Dive Brief:
- Orthopedics firm Exactech has agreed to pay an $8 million settlement to resolve allegations that the company violated the federal False Claims Act by knowingly selling defective knee implants, the U.S. Attorney’s Office for the District of Maryland said Tuesday.
- The settlement addresses allegations that Exactech knew two components of its total knee replacement systems failed prematurely at a higher than acceptable rate, yet the company still sold the devices. Exactech submitted claims for payment to Medicare, Medicaid and the U.S. Department of Veterans Affairs in connection with the defective implants, according to the allegations.

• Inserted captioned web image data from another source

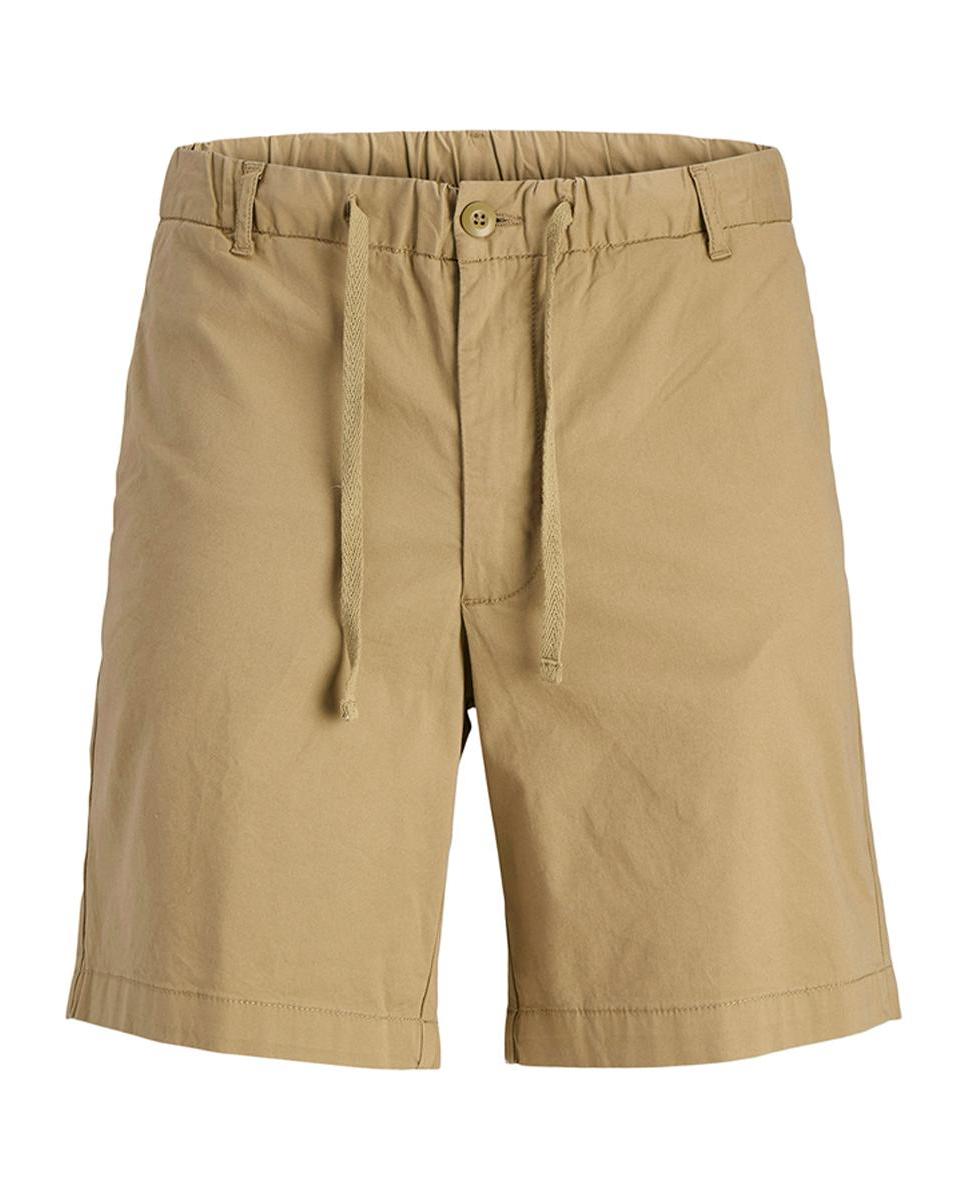 Imagen 0 de Bermuda tipo jogger niño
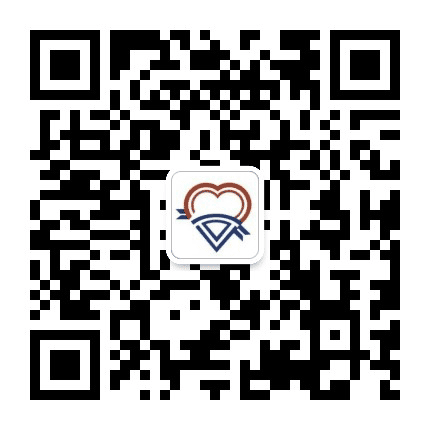 成都北新车检公众号二维码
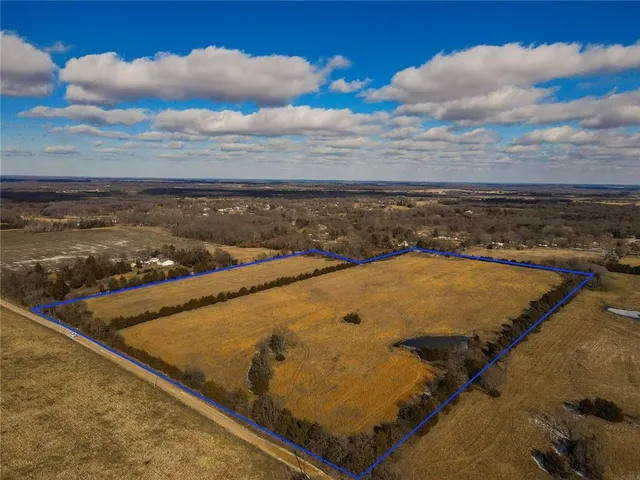 $97,000 | Tbd South Mill Street, Jerico Springs, MO 64756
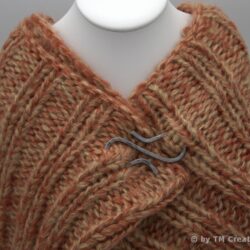 Jacken- & Schalnadel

- The settlement follows several other regulatory actions related to Exactech’s implants. Exactech received a warning letter from the Food and Drug Administration last year due to packaging problems with shoulder implants. The company filed for Chapter 11 bankruptcy, facing product liability claims brought by around 2,600 patients, and is in the process of selling to an investor group.
Dive Insight:
The U.S. Bankruptcy Court for the District of Delaware approved the settlement as part of Exactech’s Chapter 11 bankruptcy proceedings. Kelly Hayes, U.S. attorney for the District of Maryland, and Prim Escalona, U.S. attorney for the Northern District of Alabama, announced the settlement.
“Patients who need a medical device to enjoy their lives rely on device manufacturers to put patient safety first. When a manufacturer learns that its device is defective, it must promptly and transparently address the problem,” Hayes said in a statement. “We will hold companies accountable who knowingly sell defective devices.”
The settlement focuses on problems with two parts: the finned tibial tray, a metal component that fits into a patient’s tibia, and a polyethylene component used in certain knee replacement systems.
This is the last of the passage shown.